Bias Variance: A comprehensive guide

You are taking an interview and the interviewer asks you to explain Bias variance trade-off, that means you screwed up somewhere during the course of that interview. Trust me on that. Its mostly because bias and variance with respect to model selection is seldom discussed in detail and the most asked question in the interviews. In case you are not confident on this topic or just want to brush up go right ahead and go through this blog. Save it and read every once in a while to make it stick with you. If you are looking for a guide to prepare for Data Science interview, you can check out this blog.

Bias variance trade-off is a concept taught rather intuitively. Formal explanations are not here to be found. Keeping that aside, These concepts are very useful in model selection by defining the relations between model complexity, ability of the model to generalize on new dataset and model accuracy. However, one must be aware of the fact that these relations are defined on a very high level. If you want to get more formal explanation of your model’s performance you can derive your own expressions for the Bias and Variance using the intuitions presented here or in any other textbook on Machine Learning. It’s because derivations will defer based on the ML problem and the algorithm used to model the solution. Anyway, let’s look at the three things Bias variance trade-off focus on.

Model complexity: It is a bunch of factors and assumptions that we decide to consider while solving a machine learning problem. Like hyper-parameters, number of features, number of parameters, degree of non-linearity etc. This factor is governed by both Bias and Variance.
Generalization: Along with reducing error while training we also want to reduce test error (error on unseen data). It depends on the Variance of the model.
Model Accuracy: Defined by the loss function of the algorithm used to train the model.
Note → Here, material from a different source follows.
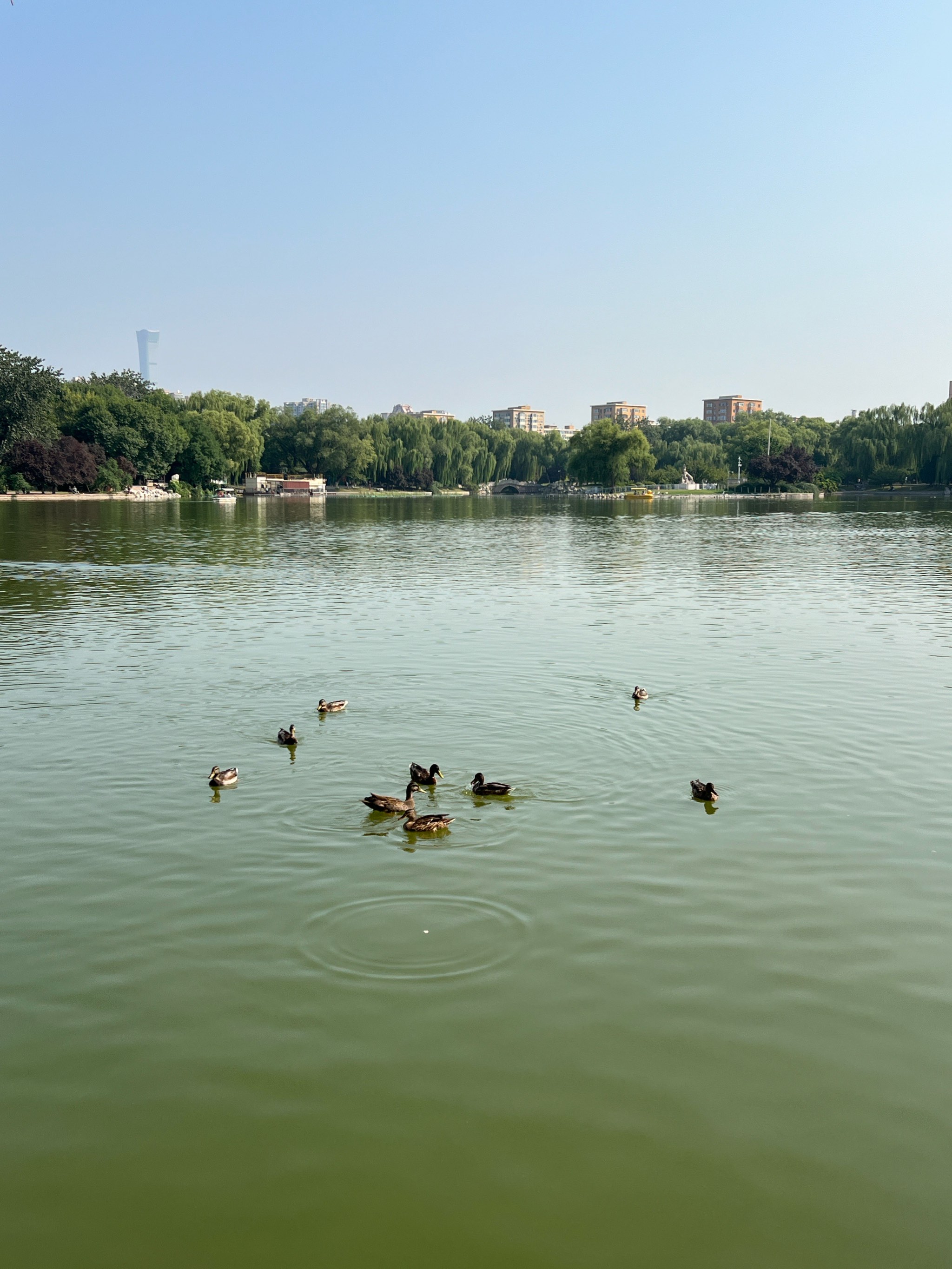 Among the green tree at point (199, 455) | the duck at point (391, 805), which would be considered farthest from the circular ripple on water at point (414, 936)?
the green tree at point (199, 455)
I have structured this blog post in two parts: Part I is more intuitive approach towards understanding the core concepts, with examples and Part II is more formal one. You can skip Part II if you don’t wish to look at the mathematical derivations.

Part I: The Intuition

Let’s jump right in. Lets say we’ve a regression problem at hand, and we only have one independent variable based on which we want to predict the dependent variable.

The actual mapping form $X$ to $y$ is $f(X)$ which is a sinusoidal curve, as shown in above figure. we trained two model one $linear$ and one $complex$ . We all know we can do that by defining a objective function $\hat{f}(X)$ , followed by minimizing the MSE: $E[(f(X)-\hat{f}(X))^{2}]$ .

Bias Variance

Now Let’s define what is bias and variance. But before we do that we need to understand that Mean Squared Error that we used to train our model can be looked at as sum of three error terms $Bias^2$ , $Variance$ and $Noise$ . All of them are positive non-zero terms. If you want to know how we got these terms, read Part II. For now lets just look at what they are:

Let’s first look at the $Noise$ term, sometimes also known as the irreducible error. lets assume there was some error $\epsilon$ introduced while collection of the training data.

$y = f(X) + \epsilon$

for simplicity we assume epsilon is drawn from a Gaussian distribution (zero mean and variance $\sigma$ ). That means $E[y] = E[f(x)]$ . While the variance of $\epsilon$ is known as the $Noise$ term or the irreducible error. This error is inherent to the data and we can’t do anything about it.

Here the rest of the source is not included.